PROMPT:
Begin at the line below that has "Either side of". Stop after the line that has "I've got to", repeating each line exactly and leaving out the pictures.

INPUT DATA:
• • • • • • •

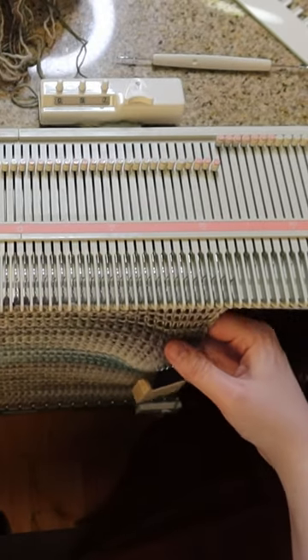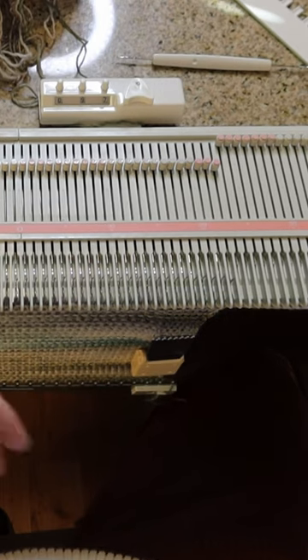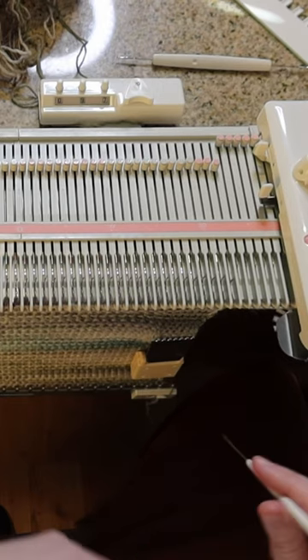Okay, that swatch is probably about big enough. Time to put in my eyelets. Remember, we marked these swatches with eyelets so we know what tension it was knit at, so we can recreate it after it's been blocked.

• • • • • • •

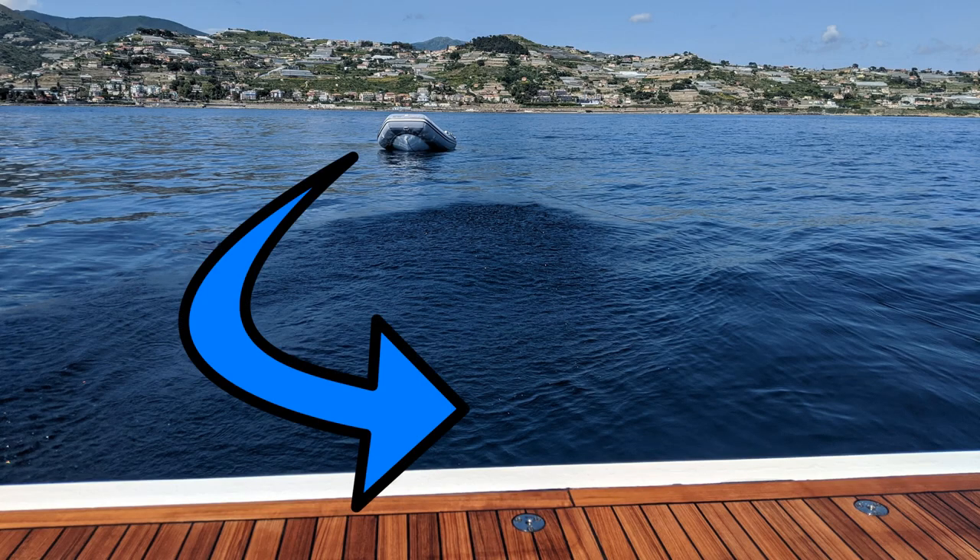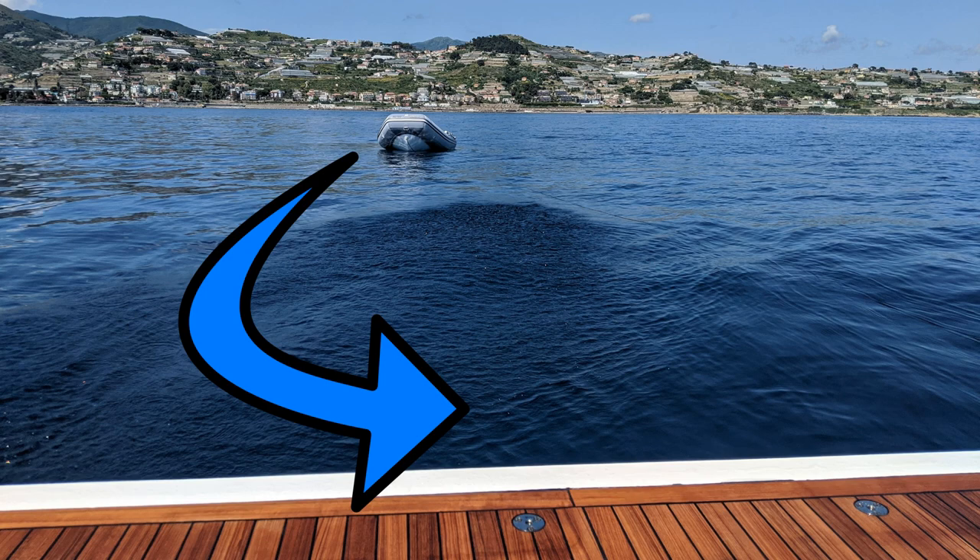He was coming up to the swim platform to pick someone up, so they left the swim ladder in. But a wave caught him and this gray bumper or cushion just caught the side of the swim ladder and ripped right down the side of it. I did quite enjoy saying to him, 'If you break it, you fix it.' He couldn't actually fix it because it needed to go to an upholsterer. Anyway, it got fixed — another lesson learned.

• • • • • • •

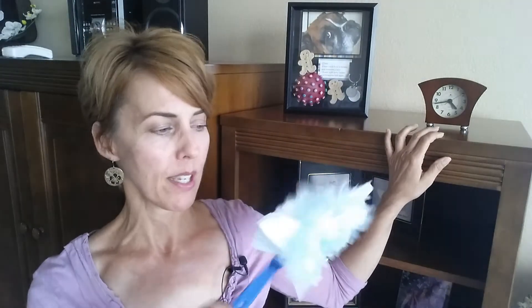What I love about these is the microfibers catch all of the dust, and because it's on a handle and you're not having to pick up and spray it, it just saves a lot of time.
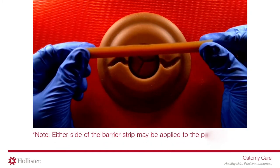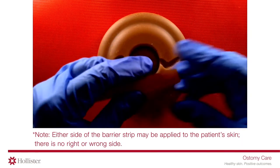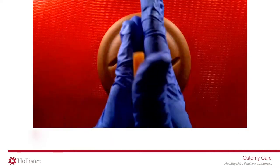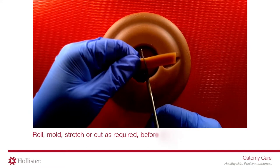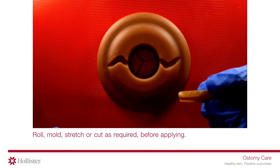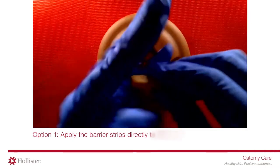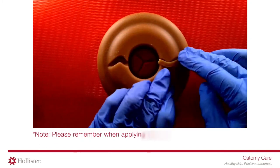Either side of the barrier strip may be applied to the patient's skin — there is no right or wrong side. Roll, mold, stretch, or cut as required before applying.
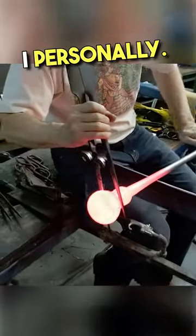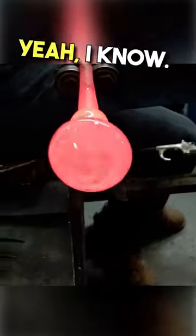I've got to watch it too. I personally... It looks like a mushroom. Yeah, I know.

• • • • • • •

EXERCISE ANSWER:
Either side of the barrier strip may be applied to the patient's skin — there is no right or wrong side. Roll, mold, stretch, or cut as required before applying.
I've got to watch it too. I personally... It looks like a mushroom. Yeah, I know.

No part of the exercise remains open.